The difference in food waste was a big factor, Miller says. “When people were talking about meal kits, they focused a lot on the plastics and the packaging that were generated,” she says, “but they weren’t really focusing on the whole lifecycle.” In her previous studies of meal kits, she says, many people expressed a lot of guilt over the packaging, which usually includes plastic cold-packs and insulation to keep food fresh. It’s true that meal kits have significantly more of this single-use stuff, Miller says, but there’s a substantial tradeoff in terms of food waste and the amount of energy expended in getting the food to consumers.

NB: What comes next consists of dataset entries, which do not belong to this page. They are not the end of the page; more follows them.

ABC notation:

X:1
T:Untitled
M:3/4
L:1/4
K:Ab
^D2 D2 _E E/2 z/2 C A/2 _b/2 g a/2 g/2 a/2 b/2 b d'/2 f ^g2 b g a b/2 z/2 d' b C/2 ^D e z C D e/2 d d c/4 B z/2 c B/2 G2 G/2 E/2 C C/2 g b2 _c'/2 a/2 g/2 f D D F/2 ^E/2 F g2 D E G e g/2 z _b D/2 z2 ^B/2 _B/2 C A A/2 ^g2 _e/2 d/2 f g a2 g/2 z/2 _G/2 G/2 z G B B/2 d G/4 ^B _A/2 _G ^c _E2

The trip from the grocery store or the delivery center to your house is commonly known as the “last mile.” A direct-to-consumer model means that the last mile trip is more efficient, since one vehicle generally has to drive fewer places to make the deliveries than each meal kit user going to the grocery store and buying the ingredients for only their own meal.

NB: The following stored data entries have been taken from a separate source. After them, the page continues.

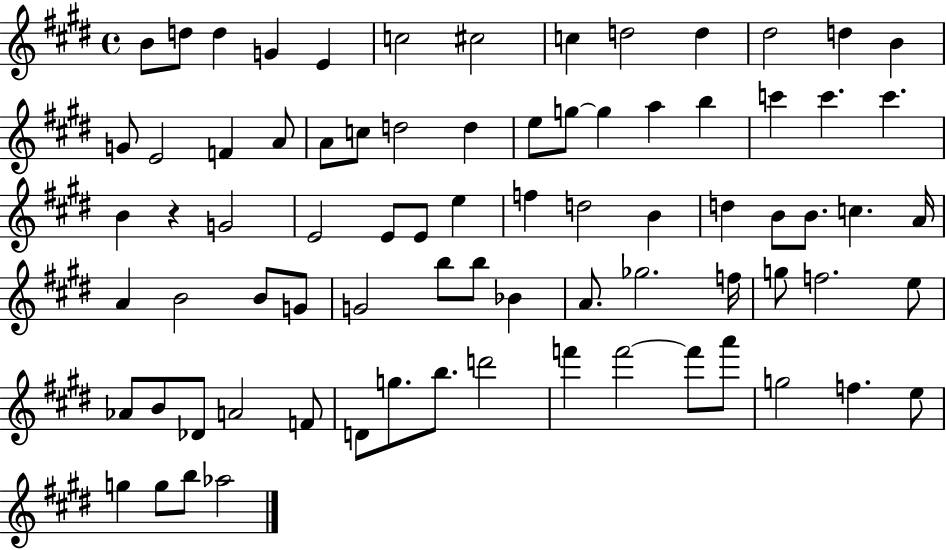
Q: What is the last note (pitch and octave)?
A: Ab5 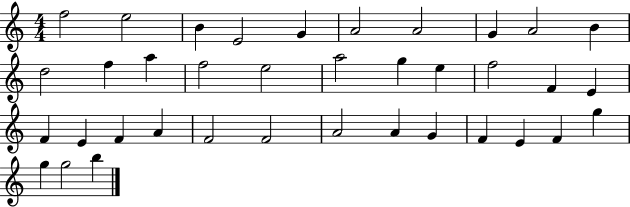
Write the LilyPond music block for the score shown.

{
  \clef treble
  \numericTimeSignature
  \time 4/4
  \key c \major
  f''2 e''2 | b'4 e'2 g'4 | a'2 a'2 | g'4 a'2 b'4 | \break d''2 f''4 a''4 | f''2 e''2 | a''2 g''4 e''4 | f''2 f'4 e'4 | \break f'4 e'4 f'4 a'4 | f'2 f'2 | a'2 a'4 g'4 | f'4 e'4 f'4 g''4 | \break g''4 g''2 b''4 | \bar "|."
} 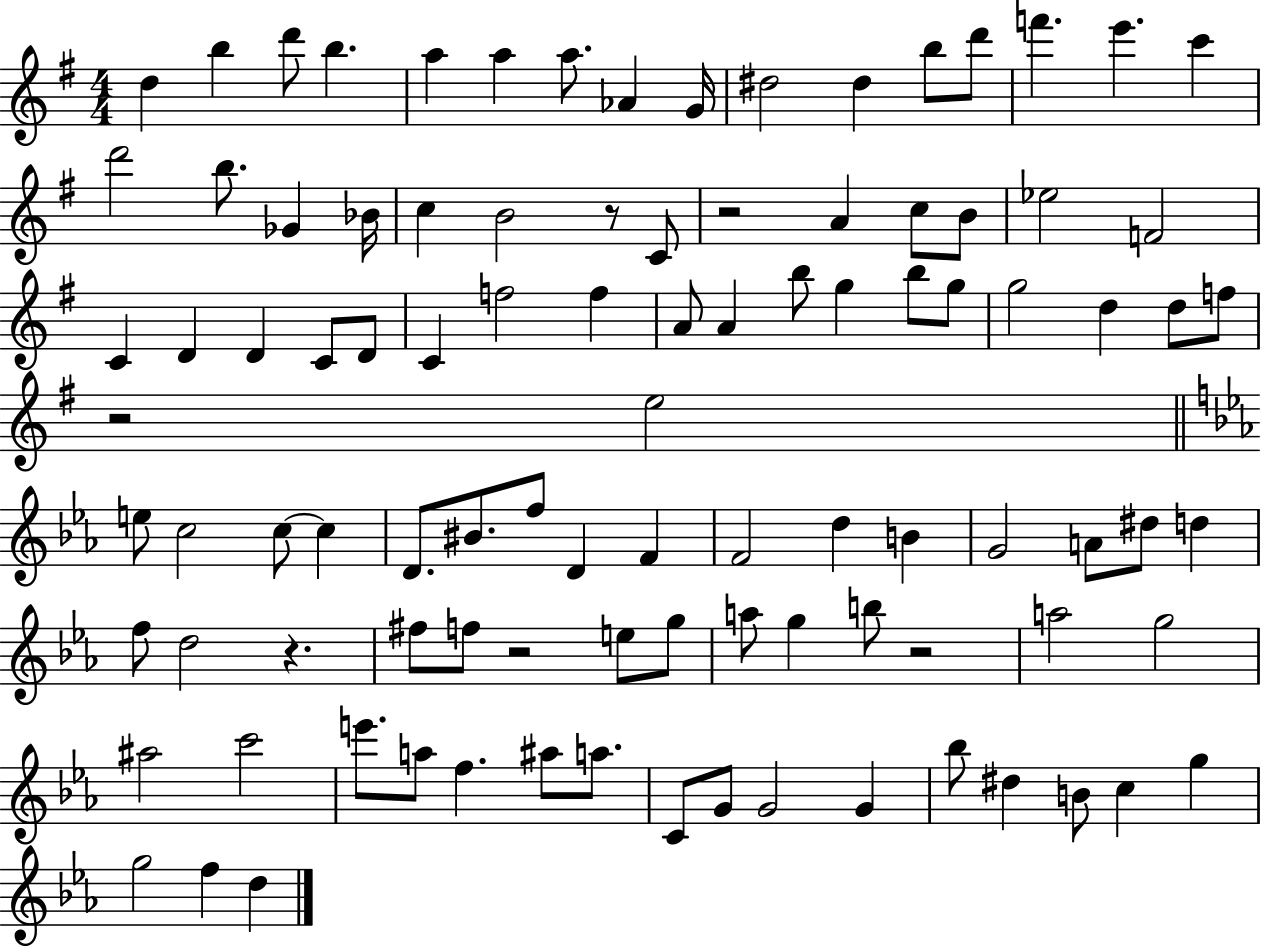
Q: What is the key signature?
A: G major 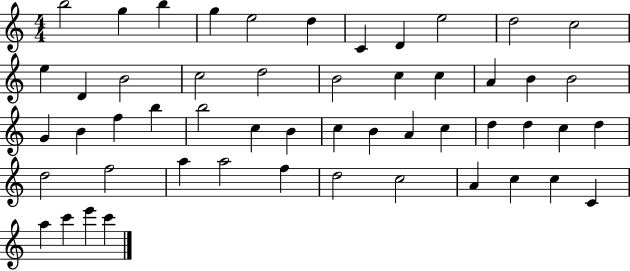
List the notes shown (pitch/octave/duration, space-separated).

All this produced a surprising finding: “Meal kits were actually better overall than grocery store meals when you take into account the full system, including food waste,” says Miller. Given that her original motivation for conducting the study was “anecdotal conversations of individuals who were feeling guilty” because they were certain the packaging made such meals more wasteful, this finding came as quite the surprise.
We know that almost half of the food that the U.S.produces is wasted, which has impacts on everything from food security to climate change. With all the research out there on plastic pollution, it might seem like excess packaging would outweigh other concerns—after all, wasted food is biodegradable. A rotting head of broccoli will release greenhouse gases if it molders in a landfill, but it’s not going to stick around and continue polluting the way a piece of plastic will. That just illustrates how limited our view of the food system can be, Miller says: we rarely consider the full lifecycle of the products we rely on. “It really does go to this idea of thinking through as consumers what we actually use,” she says.

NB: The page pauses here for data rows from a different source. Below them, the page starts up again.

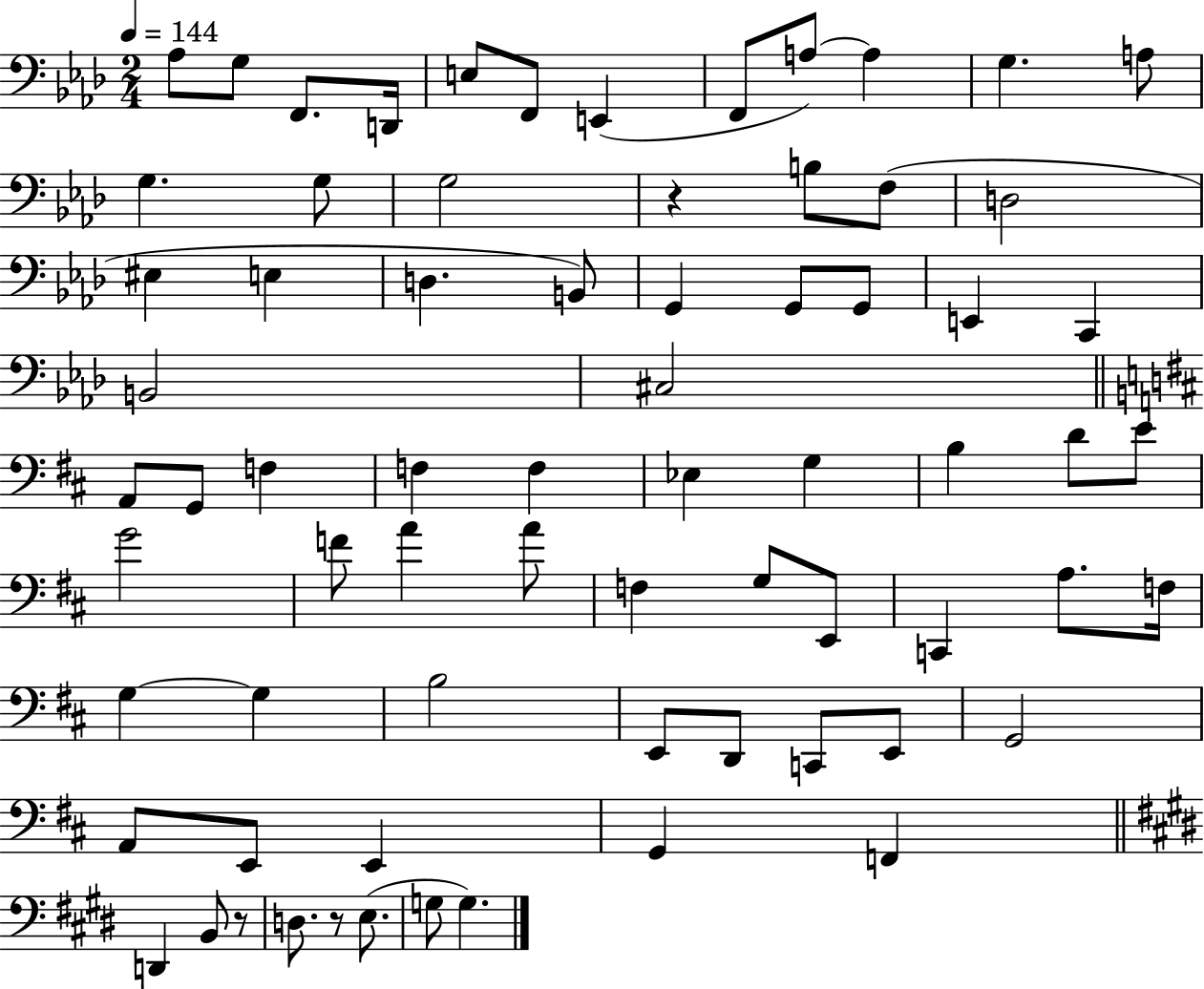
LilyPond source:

{
  \clef bass
  \numericTimeSignature
  \time 2/4
  \key aes \major
  \tempo 4 = 144
  aes8 g8 f,8. d,16 | e8 f,8 e,4( | f,8 a8~~) a4 | g4. a8 | \break g4. g8 | g2 | r4 b8 f8( | d2 | \break eis4 e4 | d4. b,8) | g,4 g,8 g,8 | e,4 c,4 | \break b,2 | cis2 | \bar "||" \break \key b \minor a,8 g,8 f4 | f4 f4 | ees4 g4 | b4 d'8 e'8 | \break g'2 | f'8 a'4 a'8 | f4 g8 e,8 | c,4 a8. f16 | \break g4~~ g4 | b2 | e,8 d,8 c,8 e,8 | g,2 | \break a,8 e,8 e,4 | g,4 f,4 | \bar "||" \break \key e \major d,4 b,8 r8 | d8. r8 e8.( | g8 g4.) | \bar "|."
} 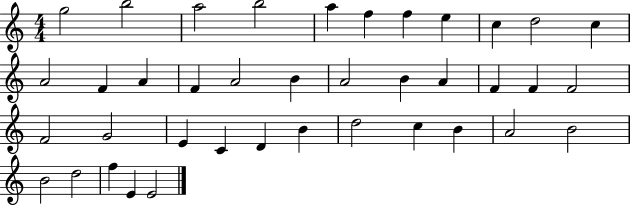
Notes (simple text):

G5/h B5/h A5/h B5/h A5/q F5/q F5/q E5/q C5/q D5/h C5/q A4/h F4/q A4/q F4/q A4/h B4/q A4/h B4/q A4/q F4/q F4/q F4/h F4/h G4/h E4/q C4/q D4/q B4/q D5/h C5/q B4/q A4/h B4/h B4/h D5/h F5/q E4/q E4/h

The fact that preassembled meal kits have less of an environmental impact than store-bought meals, despite their higher packaging load, also illustrates how messed up our food system is. Grocery stores themselves, which frequently overstock to give that feeling of abundance to their shelves and make sure everything is on hand for consumers, are a big contributor to the food waste problem.
This isn’t to say that everyone should subscribe to a meal kit service to save the planet; you may not be able to fit them into your lifestyle, and chances are you can make choices on your own that are as good or better. If you’re financially and logistically capable of doing so, you can lower the environmental impact of your diet by buying locally produced food, going car-free for as many shopping trips as possible, and cutting down on animal products, which are the biggest greenhouse gas offenders. And when you have the choice, go for foods that have been through less processing and have less packaging: a can of lentil soup is easy to enjoy, but lentils in a bulk bin will likely have created fewer emissions on their journey to your shopping cart.
Not everyone has access to these foods or the time to prepare them. But cutting down on food waste is also crucial, Heard says, and a great way to do this is to meal plan. That ensures that even if you do have to buy bigger portions, you can use them up efficiently—which saves you money, too. Another step we can all take is to stick with the common wisdom of not going to the grocery store hungry: you’re more likely to make an impulse purchase that may go to waste later.